Five Muslims who plotted an attack using using guns and explosives to protest against Australia’s part in the “war on terror” were jailed for up to 28 years on Monday, after the country’s longest extremism trial. The men, who cannot be named, were convicted in October of gathering firearms, chemicals and bomb-making instructions, along with a mass of Islamist propaganda, for the attack on an unknown target. Justice Anthony Whealy, who handed down the sentences at a purpose-built courthouse in Sydney’s west, said the plans were “often lacking in cleverness” but were well advanced when the five were arrested in 2005.
“There is no reason to doubt that, absent the intervention of the authorities, the plan might well have come to fruition in in early 2006 or thereabouts,” Whealy told the hearing of New South Wales Supreme Court. The men from Sydney, who are Australian citizens of Lebanese, Libyan and Bangladeshi descent, were handed maximum terms of 23 to 28 years, with the shortest non-parole period being 17 years and three months. The five, aged 25 to 44, showed little emotion and some of them smiled at each other when Whealy left court.
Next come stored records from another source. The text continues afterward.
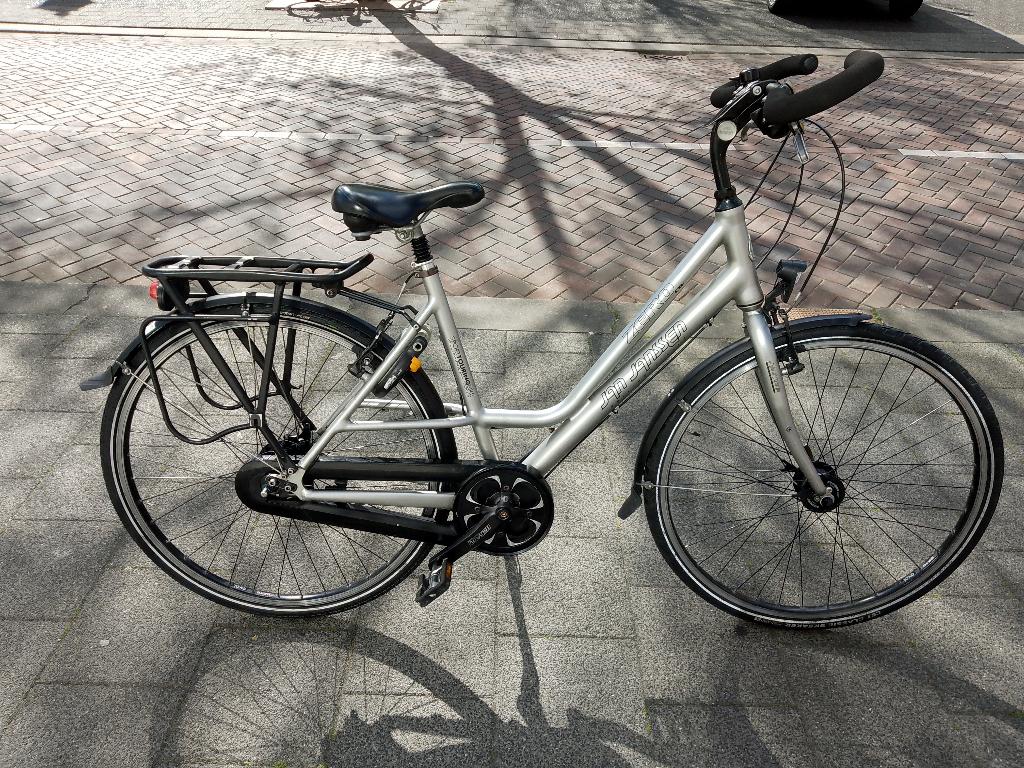 Jan Janssen Zero Co2 d50 damesfiets, Gebruikt, -, -, Versnellingen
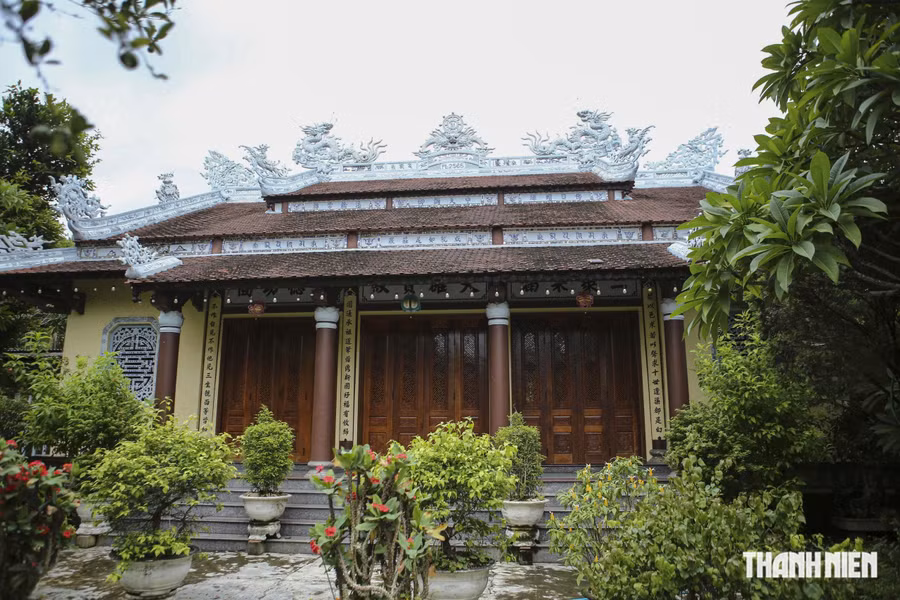 Chánh điện chùa Viên Thông hiện nay. Ảnh: Lê Hoài Nhân
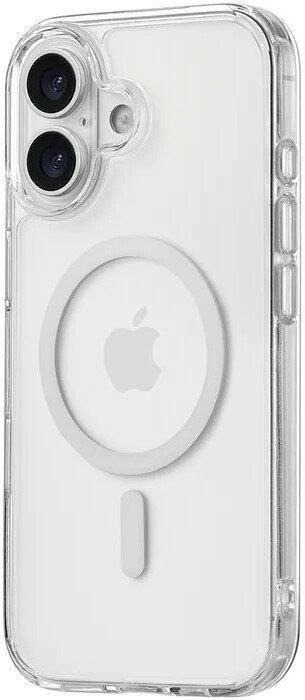 

Чехол для телефона uBear Real Mag Case для iPhone 17 (прозрачный)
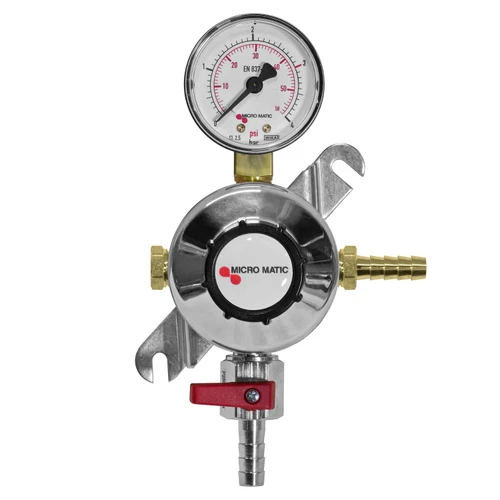 Secondary Regulator, Secondary, 1 product, plug-barb, MicroMatic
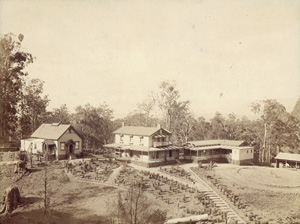 Los 4007 - Australia - Images of John William Lindt's home and photographic studio, the Hermitage,Narbethong, Victoria, Australia - 4 - thumb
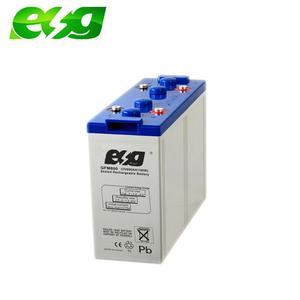 ESG pour l'énergie géologique 2V 400ah 500ah longue durée de vie Cycle profond Vrla plomb acide batterie solaire rechargeable - Product Image 3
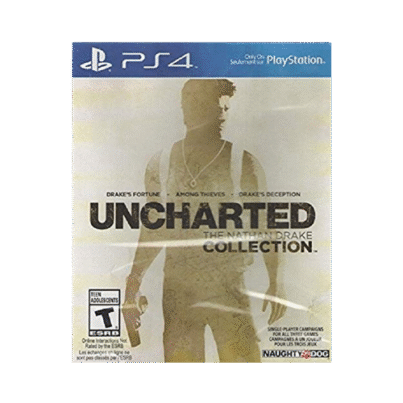 Uncharted: The Nathan Drake Collection (PS4) on Rent in Tricity | Gadget Rental India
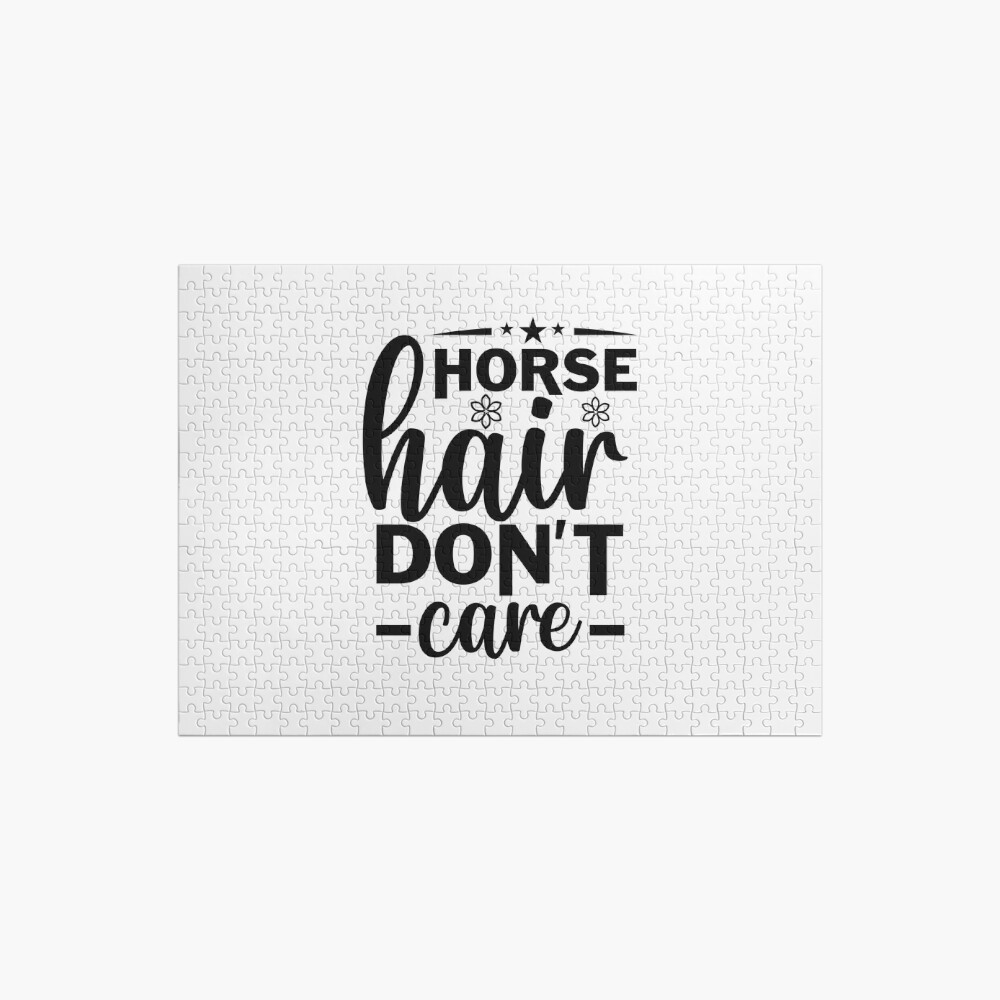 Good Quality Horses lovers Quotes Jigsaw Puzzle by GraphicShop ✪ JW-Y4QQTLI8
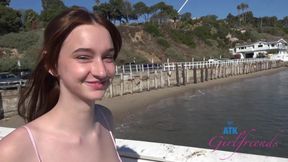 Melanie Marie: Paradise Cove Part 1 4K - Melanie marie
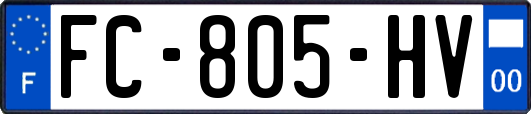 FC-805-HV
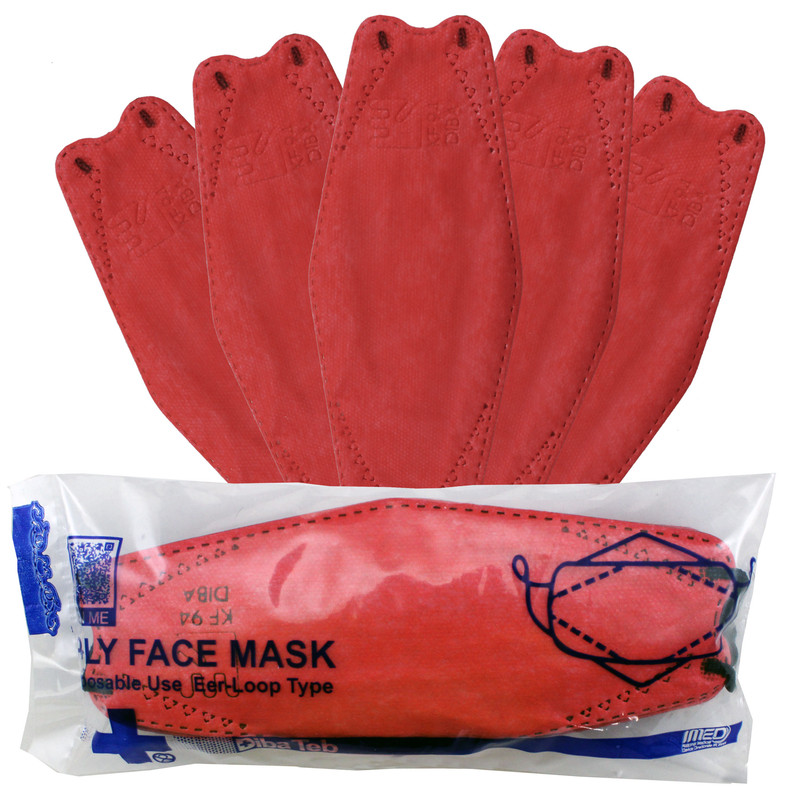 ماسک تنفسی دیباطب مدل LOVE بسته 10 عددی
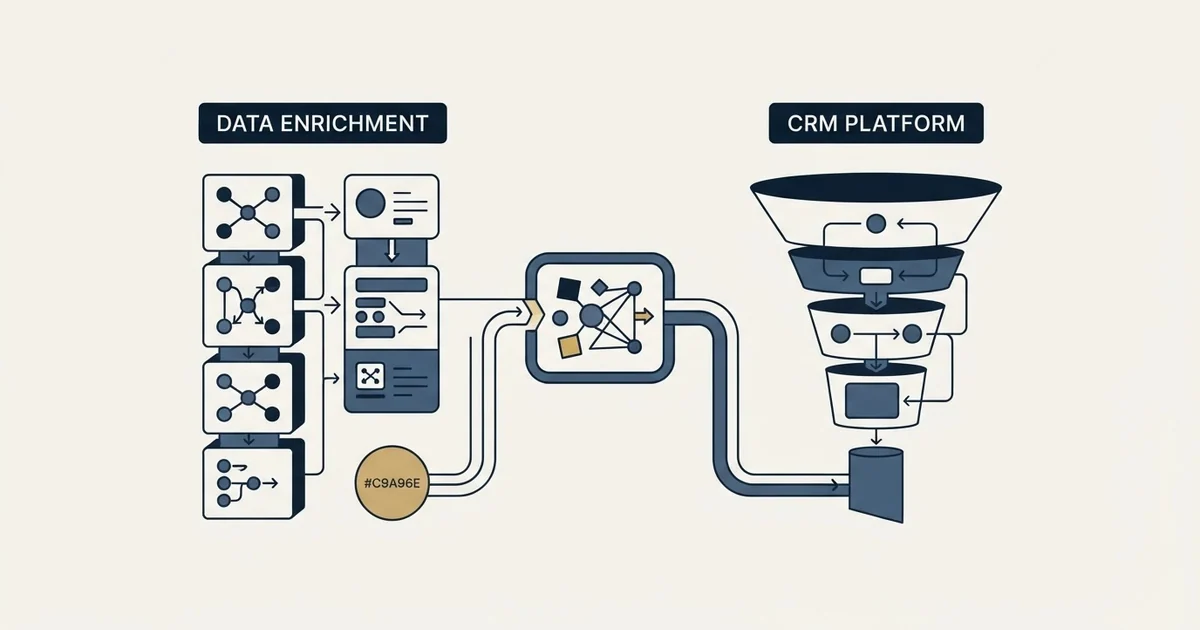 Editorial illustration for Datagma vs Pipedrive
“That is a very big sentence – not even murderers get sentenced that much,” the sister of one of the men told reporters. “Twenty-three years, that is half of his life. It is not fair to him, our community or religion.” The judge had said there was overwhelming evidence they wanted to create “at the very least, serious damage to property” and posed a “serious risk” to the public, although it was not clear that they intended to kill. “On occasions they were inept and clumsy, but these factors did not make their conspiracy any the less dangerous,” he said.
Australia’s former conservative government was closely aligned to the policies of former US president George W Bush, and the country was one of the the first to commit troops to the wars in Iraq and Afghanistan. The five took Australia’s involvement in those conflicts as “acts of aggression against the wider Muslim community”, prosecutor Richard Maidment told the court earlier. They spent months collecting chemicals, firearms and ammunition, and raids on their homes found “large quantities of literature which supported indiscriminate killing, mass murder and martyrdom in pursuit of violent jihad.” The men had pictures and videos showing the hijacked aircraft smashing in to the World Trade Centre in New York on September 11, 2001, as well as beheadings and death on the battlefield, Maidment said.